Tools such as shovels should be sharpened also. You will be amazed at how much easier they will cut into the soil. A file or angle grinder will do the job. Don’t forget the handles by running some sandpaper over them and then lightly coating with linseed oil.

Most of the cottage plants or herbaceous plants will have died down and need to be cut back to ground level. Some plants may already have healthy new shoots emerging at the base such as Salvia, sedum, Shasta daisy, pentstemons, day lily and euphorbia. This can also apply to most native grasses.

Pots of annuals should be glowing now. Keep up with the liquid fertilising every week.
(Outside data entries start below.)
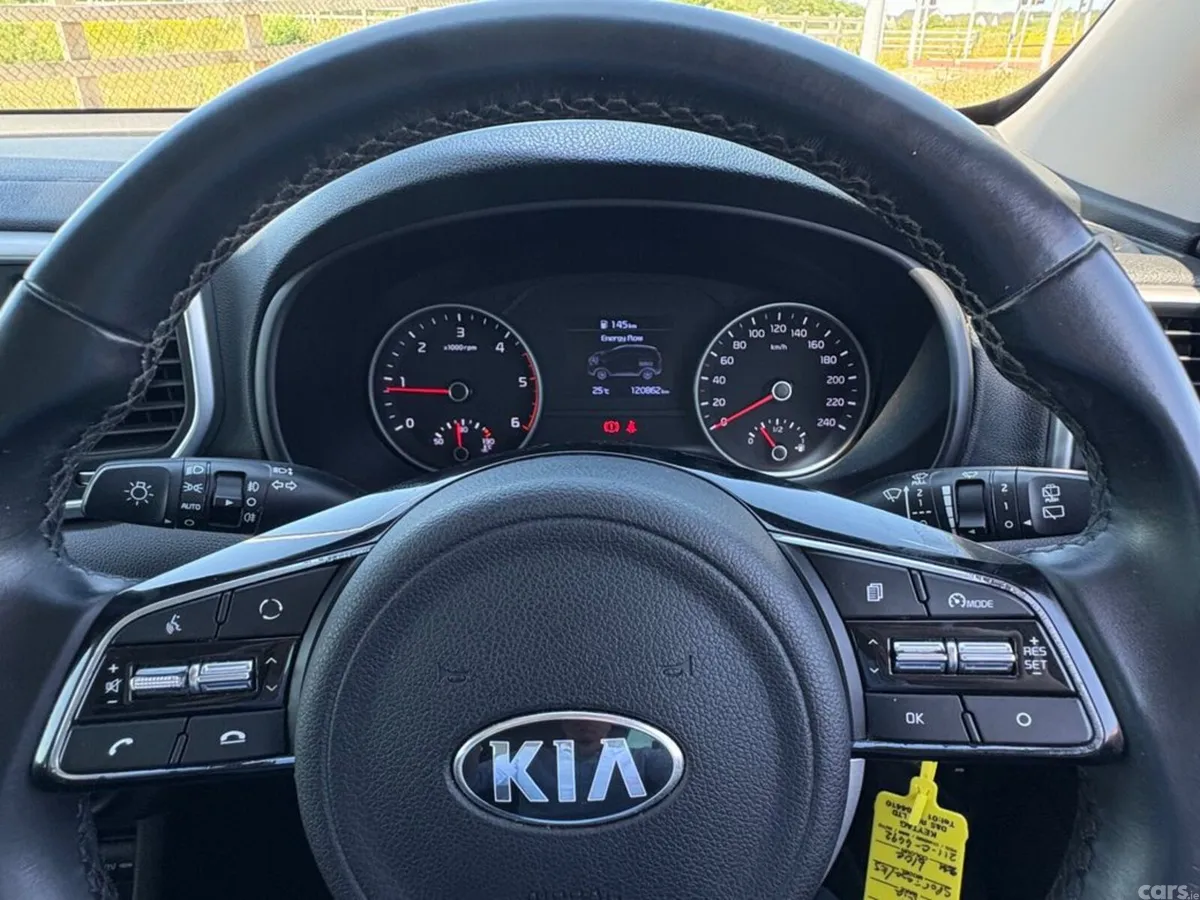 Kia Sportage SUV, Diesel Hybrid, 2021, Blue
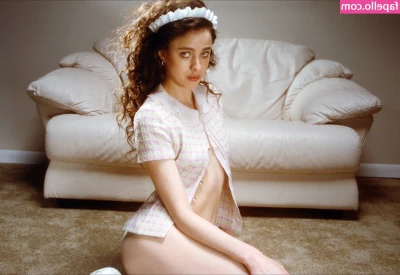 Margaret Qualley [ margaret-qualley-1 ] - Subby Succubus is back with a lil mess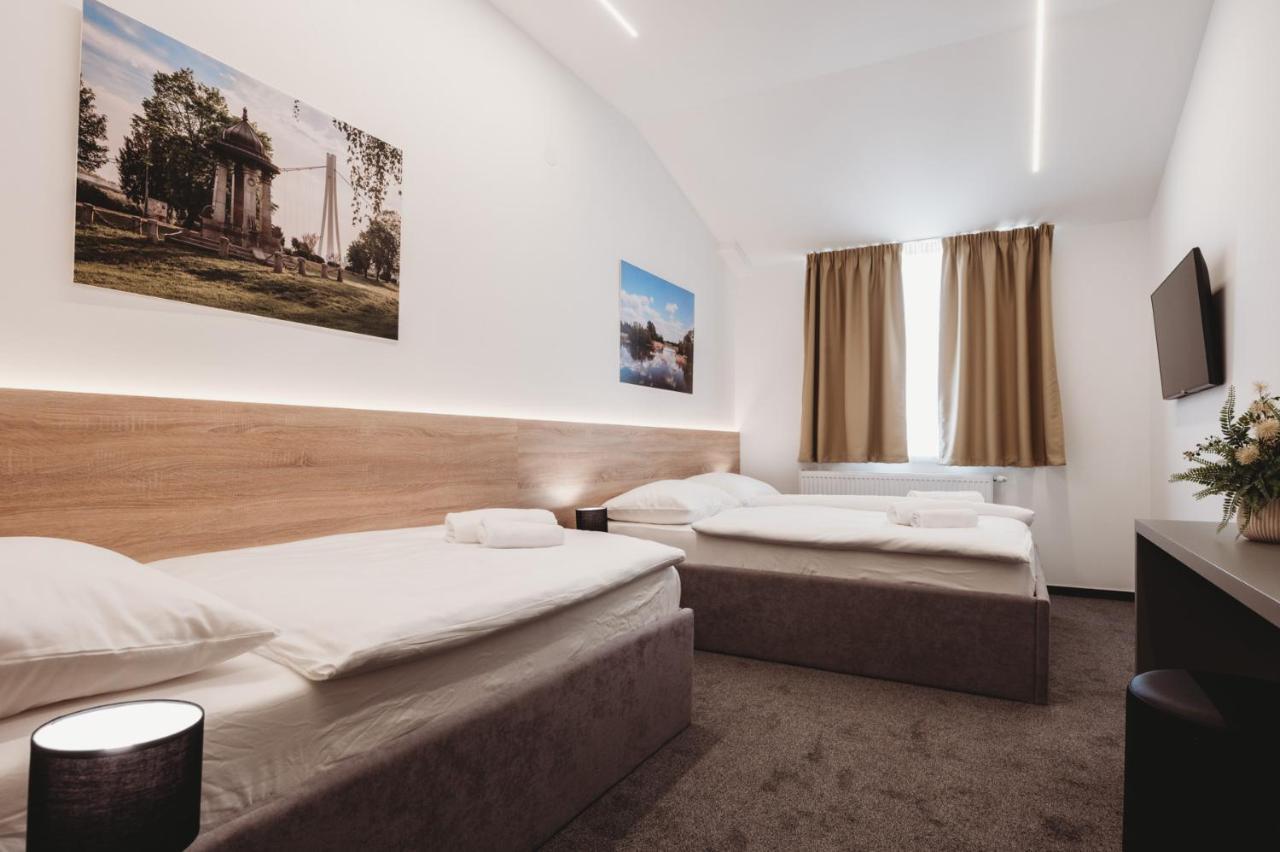 Hotel Bells Osijek Exteriér fotografie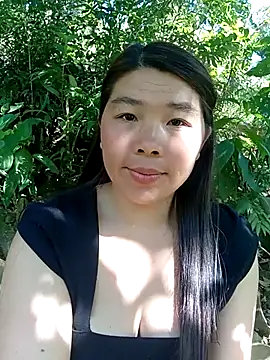 quynhkoolbae online show from 11/28/25, 06:46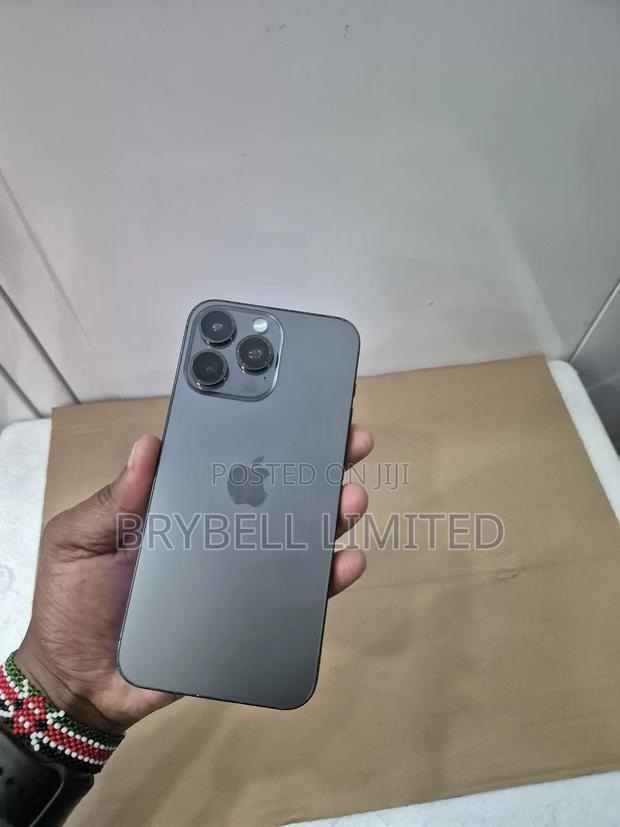 Apple iPhone 15 Pro Max 1 TB Gray - thumbnail 8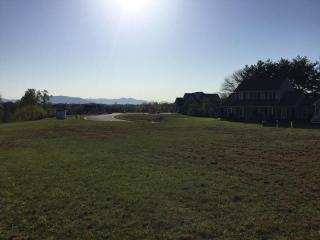 205 Northern Trl, Salem, VA 24153-2918
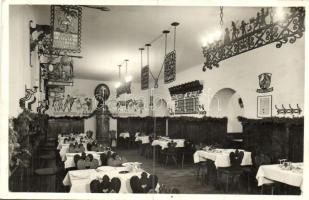 Budapest VIII. Sörkatakomba, Eszterházy utca 6. (kis lyuk / pinhole)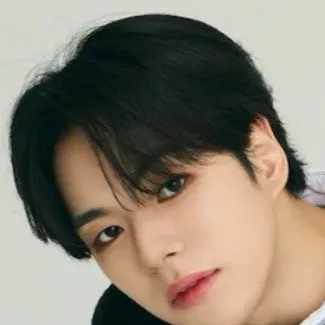 chat with ai character: Jaehyuk 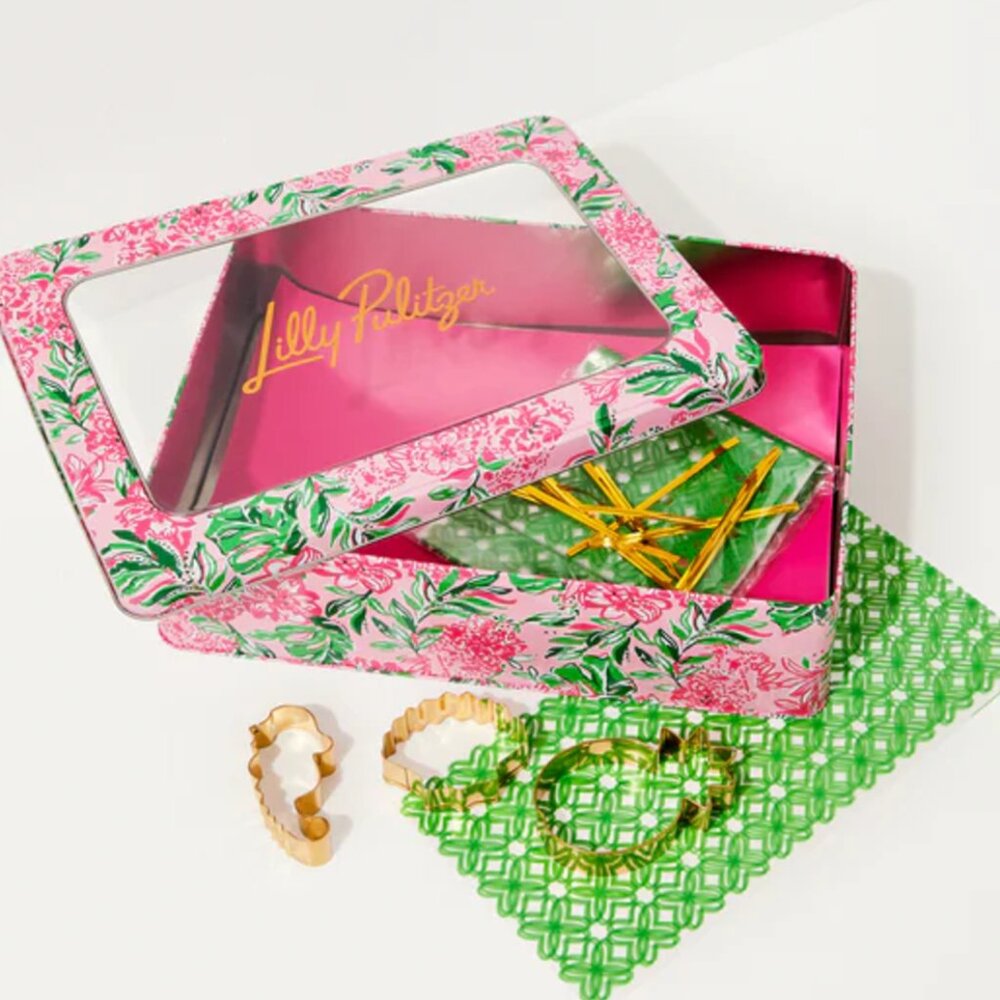 NWT Lilly Pulitzer Koala La La Cookie Exchange Kit Tin Cookie Cutters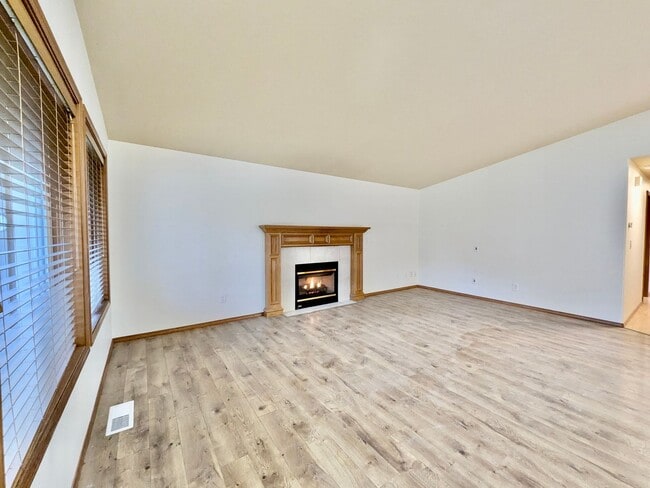 Building Photo - Great 3 Bedroom 2 Bath Ranch in St. Johns!
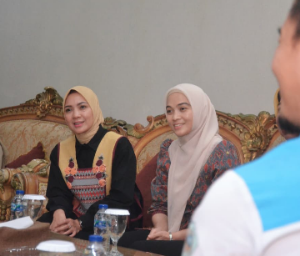 Wulan Mirza Sambut Kepulangan Camelia, Anak Pringsewu yang Terlantar di Negeri Jiran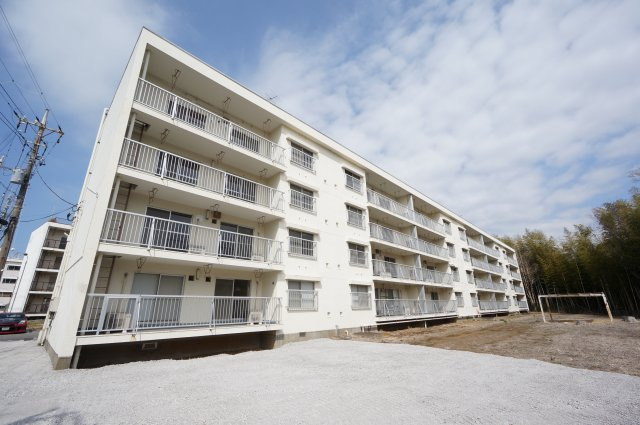 レインボーハウス勾当水4号棟の外観|お問い合わせは花まる商店まで！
Look around the garden. Notice any dull spots? Lots of native plants like Grevillea, Croweas, Eremophila, Banksia, Eriostemon (Phylotheca) and Geralton wax are flowering now. They attract birds to the garden and are generally very hardy.

Plant a second crop of your broccoli, cauliflower, cabbage seedlings to spread out the cropping. Nothing worse than having 6 cabbages all ready in the same week!

Plant some rhubarb, onions, pak choy, coriander and silverbeet. Try the rainbow silverbeet. Fantastic yellow, pink orange and red stems light up any veggie patch. However they all go white when cooked.

Find space in the garden for a daphne or osmanthus. The fragrance is divine and will make a winter garden so inviting.

Helleborus are in flower now. They are great for shady parts of the garden or under deciduous trees.